When building apps that connect to third-party services, you often need API keys for authentication. Hardcoding these keys directly in your code isn’t safe, as it can lead to accidental exposure. A more secure approach is to store them as environment variables, keeping sensitive information out of your codebase.

In this post, I’ll guide you through setting environment variables on macOS for secure storage. We’ll cover zsh (the default shell for macOS Catalina and later) and bash (used in older macOS versions), so you can store API keys and other private data securely.

Setting Environment Variables in zsh (macOS Catalina and Later)

Starting with macOS Catalina, zsh is the default shell. Here’s how to set an environment variable in zsh:

1. Add the Environment Variable to .zshrc

Open your .zshrc file in a text editor:

nano ~/.zshrc

Add the following line at the end, replacing <your-api-key> with your actual API key:

export BINGX_API_KEY="<your-api-key>"

2. Save and Close the File

Save your changes and exit (Ctrl + X in nano, then press Y to confirm).

3. Apply the Changes

To apply the changes without restarting your terminal, run:

source ~/.zshrc

4. Verify the Variable

Check that the variable is set by running:

printenv BINGX_API_KEY

If everything is set correctly, your API key should display.

Setting Environment Variables in bash (Older macOS Versions)

For older macOS versions that use bash as the default shell, the process is nearly the same, but you’ll edit .bash_profileinstead.

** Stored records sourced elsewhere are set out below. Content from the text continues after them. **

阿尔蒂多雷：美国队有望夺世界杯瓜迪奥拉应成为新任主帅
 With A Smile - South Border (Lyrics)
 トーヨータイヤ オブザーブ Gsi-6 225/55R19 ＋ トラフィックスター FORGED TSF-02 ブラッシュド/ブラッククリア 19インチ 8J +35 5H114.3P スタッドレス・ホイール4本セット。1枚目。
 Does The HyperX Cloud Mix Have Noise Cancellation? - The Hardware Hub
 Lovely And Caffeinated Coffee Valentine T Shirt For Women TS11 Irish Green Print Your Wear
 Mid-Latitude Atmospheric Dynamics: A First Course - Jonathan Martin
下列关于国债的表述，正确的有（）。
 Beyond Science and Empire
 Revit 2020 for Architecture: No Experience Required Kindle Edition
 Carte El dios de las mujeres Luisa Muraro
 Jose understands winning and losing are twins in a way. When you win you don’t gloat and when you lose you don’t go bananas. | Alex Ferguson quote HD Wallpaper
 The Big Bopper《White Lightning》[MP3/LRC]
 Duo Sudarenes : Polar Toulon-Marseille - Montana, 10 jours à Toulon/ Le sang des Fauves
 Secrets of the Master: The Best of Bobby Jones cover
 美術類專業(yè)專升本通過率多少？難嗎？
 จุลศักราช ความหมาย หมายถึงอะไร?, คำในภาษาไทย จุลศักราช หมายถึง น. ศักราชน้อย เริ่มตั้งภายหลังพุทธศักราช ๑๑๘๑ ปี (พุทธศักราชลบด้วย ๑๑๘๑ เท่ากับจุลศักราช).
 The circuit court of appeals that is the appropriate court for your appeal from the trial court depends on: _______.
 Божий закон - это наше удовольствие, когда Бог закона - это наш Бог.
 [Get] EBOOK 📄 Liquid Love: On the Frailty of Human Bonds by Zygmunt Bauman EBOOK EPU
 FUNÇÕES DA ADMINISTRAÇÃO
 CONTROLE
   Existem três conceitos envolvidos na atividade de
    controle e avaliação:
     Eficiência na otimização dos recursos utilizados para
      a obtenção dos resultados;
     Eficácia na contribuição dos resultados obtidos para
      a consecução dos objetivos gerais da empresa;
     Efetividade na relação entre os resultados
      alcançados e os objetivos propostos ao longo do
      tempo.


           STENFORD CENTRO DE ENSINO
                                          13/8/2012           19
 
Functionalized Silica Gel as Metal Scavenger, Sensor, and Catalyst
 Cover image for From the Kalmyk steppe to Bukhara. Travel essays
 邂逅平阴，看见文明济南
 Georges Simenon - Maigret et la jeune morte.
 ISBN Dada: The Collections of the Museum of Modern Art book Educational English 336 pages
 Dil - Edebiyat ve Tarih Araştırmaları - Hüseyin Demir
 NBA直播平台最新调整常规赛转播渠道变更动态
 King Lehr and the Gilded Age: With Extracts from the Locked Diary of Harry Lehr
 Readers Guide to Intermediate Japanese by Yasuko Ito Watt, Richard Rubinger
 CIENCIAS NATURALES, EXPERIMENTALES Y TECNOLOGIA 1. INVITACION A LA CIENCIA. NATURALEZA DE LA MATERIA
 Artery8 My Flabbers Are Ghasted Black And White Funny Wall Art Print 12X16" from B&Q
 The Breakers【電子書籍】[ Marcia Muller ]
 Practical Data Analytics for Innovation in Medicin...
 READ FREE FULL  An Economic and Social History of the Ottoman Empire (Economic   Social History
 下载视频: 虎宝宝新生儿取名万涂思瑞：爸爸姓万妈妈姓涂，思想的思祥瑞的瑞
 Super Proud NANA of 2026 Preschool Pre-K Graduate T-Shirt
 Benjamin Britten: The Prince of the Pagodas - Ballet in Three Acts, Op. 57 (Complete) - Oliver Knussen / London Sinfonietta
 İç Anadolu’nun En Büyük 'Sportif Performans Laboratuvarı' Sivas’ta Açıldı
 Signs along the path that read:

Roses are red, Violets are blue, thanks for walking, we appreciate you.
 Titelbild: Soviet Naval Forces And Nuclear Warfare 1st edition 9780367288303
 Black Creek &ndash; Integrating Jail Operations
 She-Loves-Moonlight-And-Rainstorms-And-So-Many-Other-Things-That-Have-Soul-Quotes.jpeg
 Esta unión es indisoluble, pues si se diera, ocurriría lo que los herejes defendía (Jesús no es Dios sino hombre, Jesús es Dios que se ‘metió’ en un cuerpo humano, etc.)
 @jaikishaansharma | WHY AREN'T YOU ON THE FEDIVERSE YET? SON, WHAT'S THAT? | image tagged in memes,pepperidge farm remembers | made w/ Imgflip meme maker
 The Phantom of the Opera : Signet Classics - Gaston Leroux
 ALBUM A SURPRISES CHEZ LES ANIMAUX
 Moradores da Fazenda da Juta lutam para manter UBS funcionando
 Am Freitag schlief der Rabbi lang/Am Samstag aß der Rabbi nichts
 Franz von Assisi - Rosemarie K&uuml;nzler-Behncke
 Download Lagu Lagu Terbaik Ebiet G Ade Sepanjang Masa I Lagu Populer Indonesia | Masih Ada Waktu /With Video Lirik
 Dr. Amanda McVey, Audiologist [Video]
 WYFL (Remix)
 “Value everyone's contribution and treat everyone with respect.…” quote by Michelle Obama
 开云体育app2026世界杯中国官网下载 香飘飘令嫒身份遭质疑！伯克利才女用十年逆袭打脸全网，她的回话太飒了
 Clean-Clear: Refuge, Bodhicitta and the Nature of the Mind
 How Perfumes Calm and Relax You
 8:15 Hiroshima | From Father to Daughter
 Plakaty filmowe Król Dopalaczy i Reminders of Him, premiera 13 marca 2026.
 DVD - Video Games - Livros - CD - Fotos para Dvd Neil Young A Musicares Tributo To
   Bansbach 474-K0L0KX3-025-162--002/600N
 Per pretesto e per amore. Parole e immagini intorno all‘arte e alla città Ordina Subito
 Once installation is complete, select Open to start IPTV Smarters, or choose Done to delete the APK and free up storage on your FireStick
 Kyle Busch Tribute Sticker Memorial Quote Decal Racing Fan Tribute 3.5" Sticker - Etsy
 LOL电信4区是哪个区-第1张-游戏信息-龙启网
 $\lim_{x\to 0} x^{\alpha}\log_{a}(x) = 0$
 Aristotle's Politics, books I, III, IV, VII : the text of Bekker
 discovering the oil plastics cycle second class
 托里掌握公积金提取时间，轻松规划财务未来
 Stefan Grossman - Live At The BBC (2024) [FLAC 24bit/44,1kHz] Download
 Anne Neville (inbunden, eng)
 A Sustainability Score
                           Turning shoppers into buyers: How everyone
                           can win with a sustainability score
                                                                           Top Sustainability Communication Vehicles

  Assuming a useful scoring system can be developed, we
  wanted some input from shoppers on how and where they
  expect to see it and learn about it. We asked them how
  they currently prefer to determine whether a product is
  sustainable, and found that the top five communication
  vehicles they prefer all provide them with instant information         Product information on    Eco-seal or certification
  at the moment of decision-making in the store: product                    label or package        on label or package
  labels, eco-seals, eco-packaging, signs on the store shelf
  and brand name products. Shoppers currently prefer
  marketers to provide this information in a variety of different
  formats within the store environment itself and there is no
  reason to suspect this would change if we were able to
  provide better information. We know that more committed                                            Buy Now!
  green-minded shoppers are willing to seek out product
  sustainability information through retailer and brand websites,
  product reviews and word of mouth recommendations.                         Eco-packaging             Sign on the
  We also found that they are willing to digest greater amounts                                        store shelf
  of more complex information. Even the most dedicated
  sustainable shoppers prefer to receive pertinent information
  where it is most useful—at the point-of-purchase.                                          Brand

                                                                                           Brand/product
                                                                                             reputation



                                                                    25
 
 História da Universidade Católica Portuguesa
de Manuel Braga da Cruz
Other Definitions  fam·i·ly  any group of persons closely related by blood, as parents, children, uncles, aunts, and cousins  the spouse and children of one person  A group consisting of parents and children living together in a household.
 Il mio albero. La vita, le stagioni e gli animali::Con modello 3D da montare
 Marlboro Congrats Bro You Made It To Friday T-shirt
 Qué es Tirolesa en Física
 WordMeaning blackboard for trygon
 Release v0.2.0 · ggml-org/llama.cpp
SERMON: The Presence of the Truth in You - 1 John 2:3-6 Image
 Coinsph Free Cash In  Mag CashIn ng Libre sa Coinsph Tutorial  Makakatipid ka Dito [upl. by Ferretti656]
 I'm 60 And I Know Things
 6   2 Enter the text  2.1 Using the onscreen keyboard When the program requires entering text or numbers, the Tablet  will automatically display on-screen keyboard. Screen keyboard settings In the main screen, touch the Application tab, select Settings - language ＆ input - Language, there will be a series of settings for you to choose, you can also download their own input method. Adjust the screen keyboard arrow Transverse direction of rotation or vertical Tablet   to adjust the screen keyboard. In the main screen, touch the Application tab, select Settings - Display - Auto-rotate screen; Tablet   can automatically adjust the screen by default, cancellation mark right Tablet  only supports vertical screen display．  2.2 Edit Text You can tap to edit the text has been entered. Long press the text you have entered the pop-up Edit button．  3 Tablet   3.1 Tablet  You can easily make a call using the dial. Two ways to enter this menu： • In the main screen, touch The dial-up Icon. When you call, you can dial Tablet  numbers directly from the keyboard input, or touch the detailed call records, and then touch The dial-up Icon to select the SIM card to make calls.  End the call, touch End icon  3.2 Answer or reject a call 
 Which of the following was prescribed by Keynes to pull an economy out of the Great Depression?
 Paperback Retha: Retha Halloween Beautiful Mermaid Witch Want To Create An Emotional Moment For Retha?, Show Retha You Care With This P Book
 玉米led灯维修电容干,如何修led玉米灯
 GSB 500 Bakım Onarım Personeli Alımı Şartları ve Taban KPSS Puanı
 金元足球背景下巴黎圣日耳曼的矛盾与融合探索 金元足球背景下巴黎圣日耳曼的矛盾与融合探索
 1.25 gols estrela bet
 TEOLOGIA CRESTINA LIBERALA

1. Add the Environment Variable to .bash_profile

Open .bash_profile in a text editor:

nano ~/.bash_profile

Add the following line at the end:

export BINGX_API_KEY="<your-api-key>"

2. Save and Close the File

Save your changes and exit.

3. Apply the Changes

Run this command to apply your changes:

source ~/.bash_profile

4. Verify the Variable

Check if the variable is set by running:

printenv BINGX_API_KEY

Setting Environment Variables on Third-Party Services

If you’re deploying your app with a backend service, you’ll need to set environment variables there as well. For example, I use vercel for my Flask app. You can find detailed instructions on setting environment variables for Vercel in their documentation.

Conclusion

Using environment variables to store sensitive information, like API keys, is a simple and effective way to boost security. Whether you’re using zsh or bash, following these steps will help you keep credentials safe and your code clean. Remember, always avoid hardcoding sensitive data—use environment variables instead.